Earlier in 2019 I spent the day running drop in headshot sessions with the dance and drama students at our local college. They were all just about to take the next step in their careers, and start auditioning for places at university and performing arts schools, and needed headshots ready for each application. As they were in the middle of their exam performance rehearsals I had 15 minute sessions with each student throughout the day; I had to be quick and thorough which is actually really difficult to do…
For this post, I thought I’d share one of my favourite images from the session and go through how I created it. This is Claudia, and she was one of my last headshots of the day.
I was set up in a small classroom that, luckily for me, had these incredible turquoise walls, and I couldn’t not use them. I had 3 backgrounds ready for each student; flat white, flat turquoise, and a corner of the room where the wall was half and half. The half and half background is my favourite! The colour mix worked well for pretty much everyone, and the palette in Claudia’s portrait is full of deep, exciting colours. Because I was in quite a small space, I was easily able to manoeuvre my lights around to each coloured section and take several portraits in each time slot.
I used a really simple 3 soft box setup to make sure that each of my subjects were evenly lit, and didn’t have any weird shadows. I’ve drawn a very technical diagram below, but essentially I had a soft box on either side of Claudia as fill lights, and a soft box positioned infant and overhead as a keylight. I tried to keep the set up as simple as possible as I needed to tweak each box’s position quickly, and move them about the room for each session.
You can do as many sessions as you like, but it’s an unwritten rule of the universe that no two consecutive models will ever be the same height.
The Camera Settings
I like to chat with the people I’m working with; you get much better portraits that way. I’m not claiming that’s totally correct, but it works for me, so I generally tend to stick with it and change my camera settings to accommodate. Being in a studio setting makes life a little easier because you don’t need to change much between sessions, however it is worth double checking your settings for each subject in case you need to compensate for different skin tones.
I kept my shutter speed at 1/250, with my aperture between f/3.2 and f/1.8, and ISO at 2000 for the majority of my sessions. This worked really well with the static lights, and helped freeze Claudia in between our conversations.
The point of headshots is to honestly show casting teams what you look like; there’s no getting away from the fact that you have set poses you need to have covered. It’s a functional portrait session and not, unfortunately, a chance to exercise your creativity. I stuck to a few specific portrait types; close up of the face, head and shoulders, and mid-thigh up. To make sure the images were flattering, I asked each student to stand on a slight angle, and this is what you can see in the image of Claudia above.
As with the composition, I kept the edit as natural and minimal as possible. in all honesty, all of the kids I met were super photogenic so they didn’t really need much work anyway. I re-cropped and straightened each image before evening out colours, and cleaning up the background – the downside of being in a classroom environment is that there are Blu-Tac marks everywhere.

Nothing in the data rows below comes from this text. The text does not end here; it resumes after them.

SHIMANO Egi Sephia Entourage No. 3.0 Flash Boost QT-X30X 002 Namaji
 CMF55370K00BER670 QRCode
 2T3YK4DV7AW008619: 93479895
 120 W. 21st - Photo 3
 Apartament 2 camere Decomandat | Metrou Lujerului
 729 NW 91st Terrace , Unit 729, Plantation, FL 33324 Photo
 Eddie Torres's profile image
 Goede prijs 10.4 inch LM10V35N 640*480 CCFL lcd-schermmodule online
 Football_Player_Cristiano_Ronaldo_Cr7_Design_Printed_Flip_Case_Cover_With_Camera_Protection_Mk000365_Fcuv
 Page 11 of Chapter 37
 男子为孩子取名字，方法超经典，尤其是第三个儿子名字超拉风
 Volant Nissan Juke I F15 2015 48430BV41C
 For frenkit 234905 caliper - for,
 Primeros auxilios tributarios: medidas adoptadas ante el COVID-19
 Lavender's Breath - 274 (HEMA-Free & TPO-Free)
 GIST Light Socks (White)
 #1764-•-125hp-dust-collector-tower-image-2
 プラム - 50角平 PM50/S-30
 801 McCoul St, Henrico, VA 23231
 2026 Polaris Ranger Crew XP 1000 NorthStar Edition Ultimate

When I first started planning for this session I hoped that the basic set up I had would be enough. It turns out that there really is no great secret to portraiture (sorry Photography gatekeepers!). I mentioned in a previous post that you’d be surprised at what you could do with a few soft boxes, and I hope that I’ve been able to reinforce that take in this post. If you have found this useful, and have used some of my tips in your own work I’d love to see it!